▶ **Exercise**: Skipping all pictures, set down the lines of the listing from the first through the one with "Welcome to our".

▶ **Record set**:

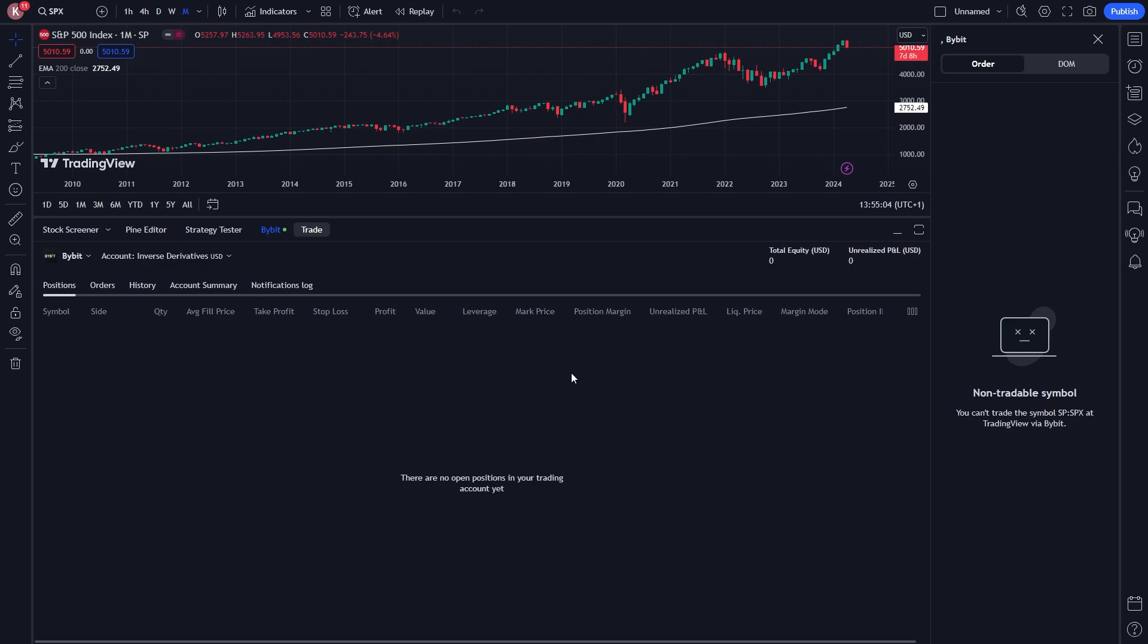So that's exactly how you can connect Bybit to TradingView. I hope you found this video helpful. If you did, please go ahead and comment down below to say it helped you out. Like and subscribe to see more content like this. Thanks for watching.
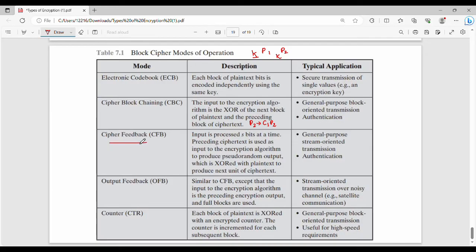Next is Cipher Feedback mode. In Cipher Feedback mode, the entire data is processed as bits at a time. The cipher text is fed back and used in the encryption algorithm. You can XOR the output with the plain text to get the corresponding cipher text. Applications include stream-oriented transmission and authentication.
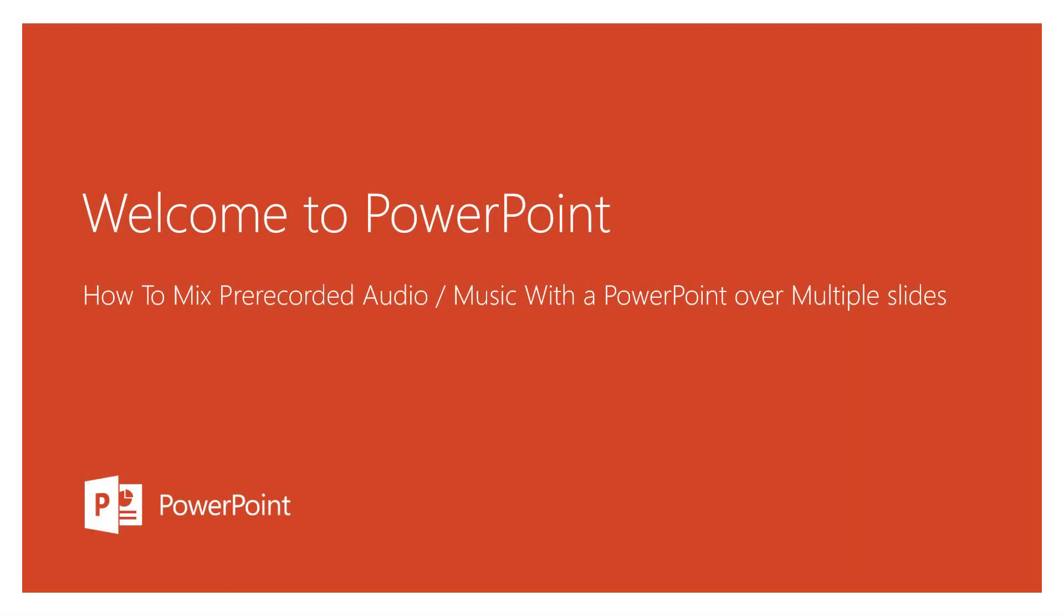Welcome to our short presentation on how to mix pre-recorded audio, like a lecture you already have audio for, or music, with a PowerPoint over multiple slides.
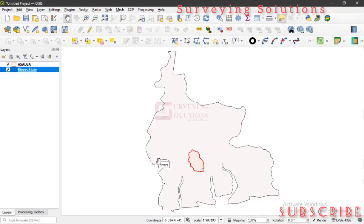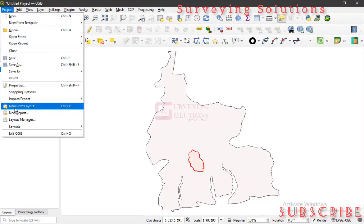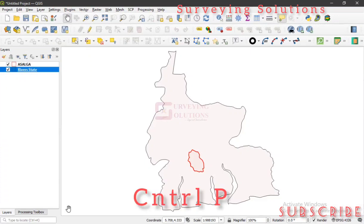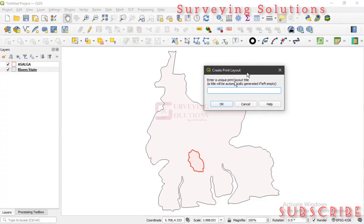Thanks for coming to class. If you're coming to the channel for the first time, you can encourage us by subscribing, and if you are returning, thanks for always checking up. Now, the first thing is that we actually need to create a new print layout, because most of what we want to do is on the print layout. So we go to Project and then select New Print Layout, or we can use the shortcut Control+P.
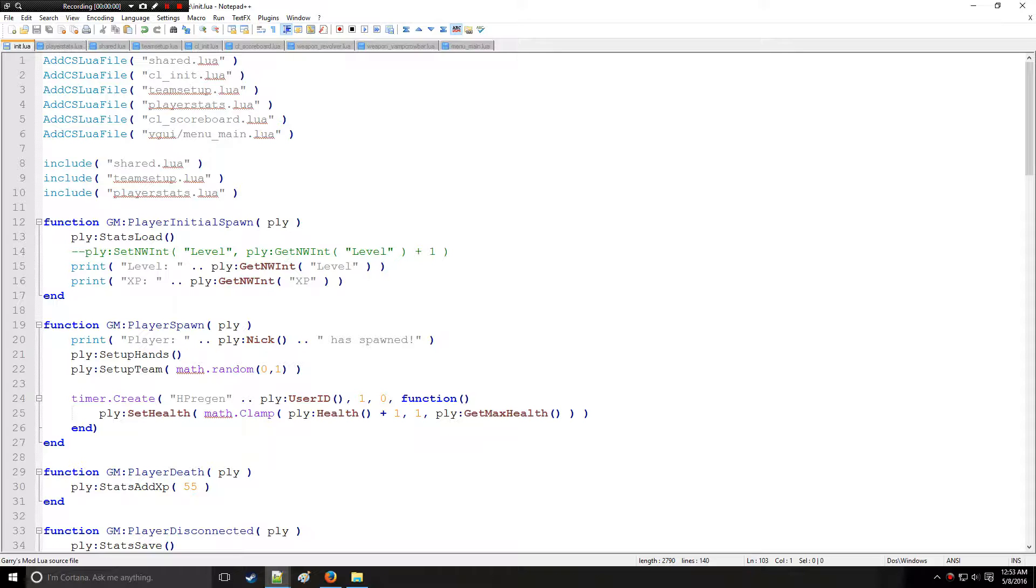Holy Wire Mod here. This is tutorial 16a in the Lewis series where we're going to be starting on entities.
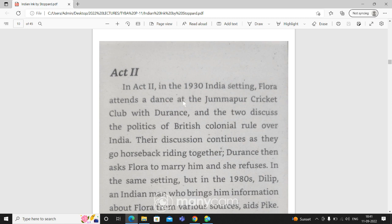Hello friends, I am Dr. Veena Patel and you are watching my channel English Literature Buddhist class. This is the Indian Inc. first video, please enjoy. The Indian Inc. second act video, please enjoy the video.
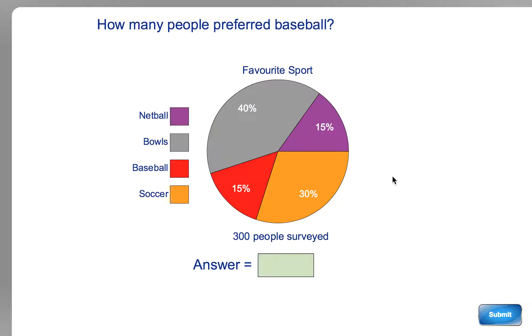In sector graph calculation, you've got to use a basic sector graph or pie graph that you're given information in, and you've got to do a bit of math, a bit of calculation with it.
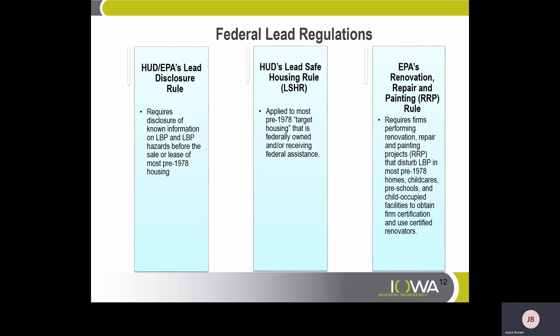Federal lead regulations: HUD and EPA's Lead Disclosure Rule requires disclosure of known information on lead-based paint and hazards before the sale or lease of most pre-1978 housing. HUD's Lead Safe Housing Rule applies to most pre-1978 target housing that is federally owned or receiving federal assistance. EPA's Renovation, Repair and Painting RRP Rule requires that firms performing renovation, repair, and painting projects disturbing lead-based paint in most pre-1978 homes, childcare, preschool, and child-occupied facilities obtain firm certification and use certified renovators.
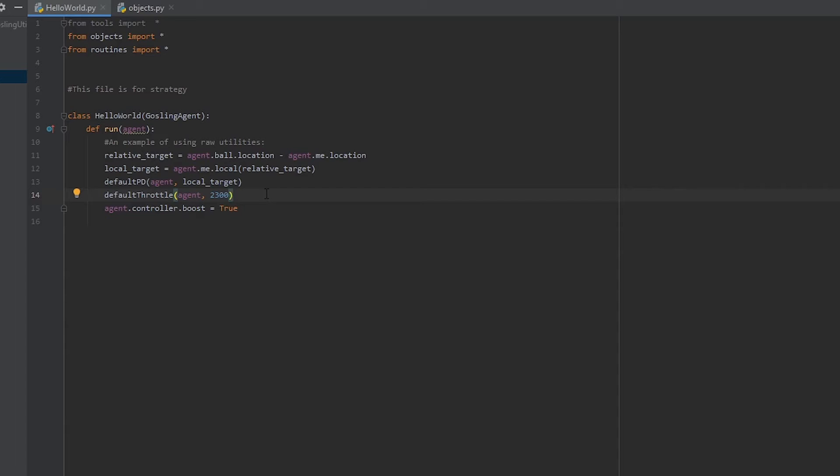Maybe wondering what a local target is, well that is a target in local coordinates. A local coordinate is a coordinate with respect to the car's axes, not the field's axes. So instead of using XYZ, we're using forward, left, and up relative to the car. If the ball is directly in front of our car, we could expect a local coordinate of say, 200, 0, 0. Meaning it's 200 units directly in front of us, 0 units to the left, and 0 units above us.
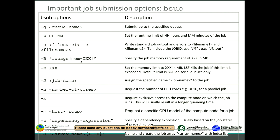An important bsub flag is resource requirements, specified with minus capital R: rusage[mem=XX], where XX is memory size in megabytes. If you want to specify the memory control limit, use the minus capital M flag with the value in megabytes. Note that the unit used to be kilobytes, but it has since been changed — it's now megabytes uniformly across the system.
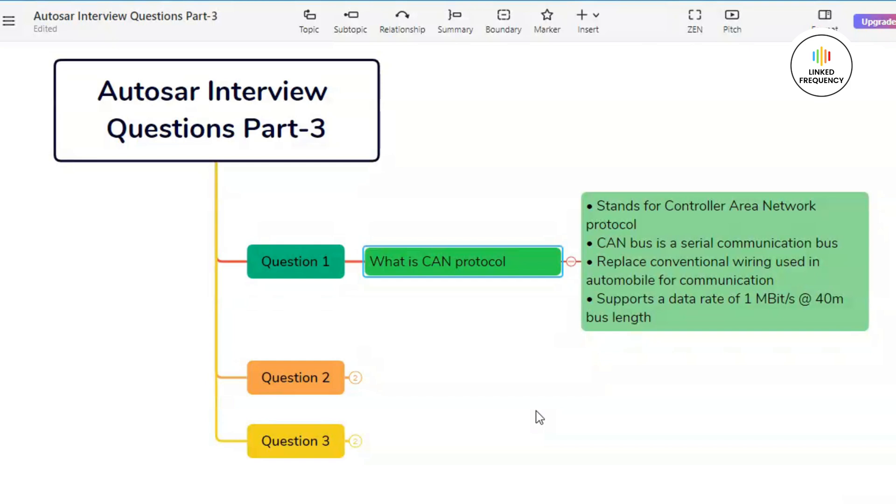Moving on to our next key feature which is based on error detection and handling. CAN includes built-in mechanisms for error detection and handling, such as checksum and acknowledgement mechanisms. This helps ensure data integrity and reliability even in noisy environments.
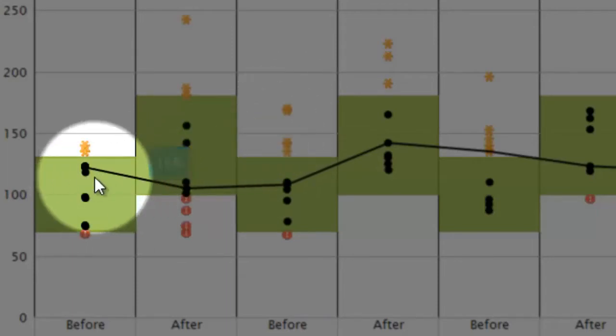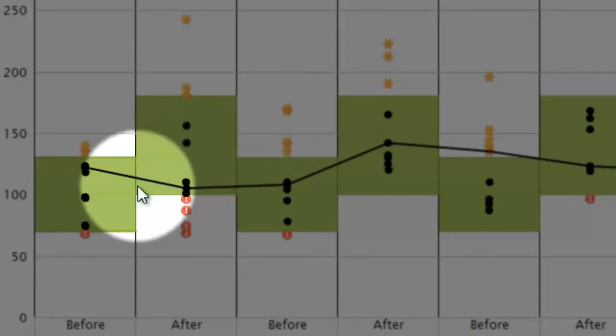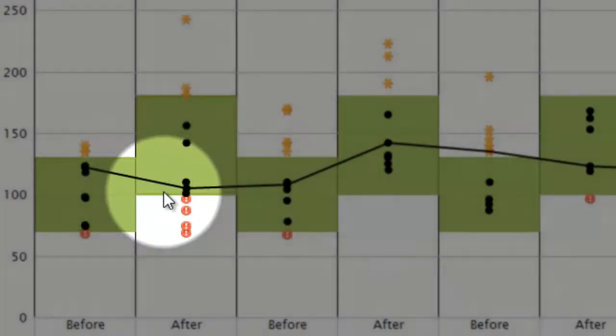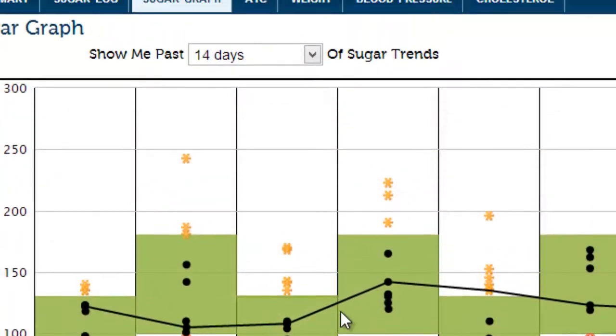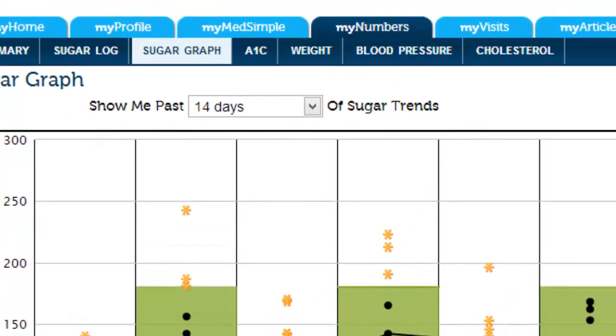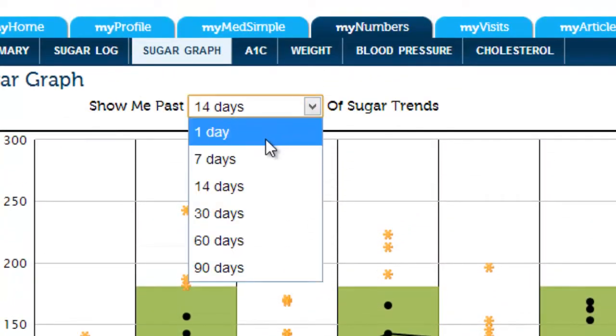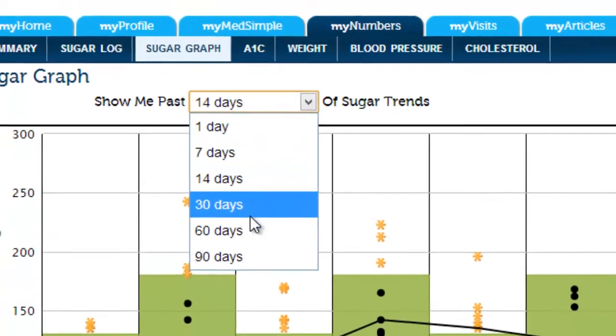The black line is the median, or the middle, of all the results you've entered. Up at the top of the graph, you can change the number of days from one day of results up to 90 days.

▶ **Written response**:
So that's exactly how you can connect Bybit to TradingView. I hope you found this video helpful. If you did, please go ahead and comment down below to say it helped you out. Like and subscribe to see more content like this. Thanks for watching.
Next is Cipher Feedback mode. In Cipher Feedback mode, the entire data is processed as bits at a time. The cipher text is fed back and used in the encryption algorithm. You can XOR the output with the plain text to get the corresponding cipher text. Applications include stream-oriented transmission and authentication.
Welcome to our short presentation on how to mix pre-recorded audio, like a lecture you already have audio for, or music, with a PowerPoint over multiple slides.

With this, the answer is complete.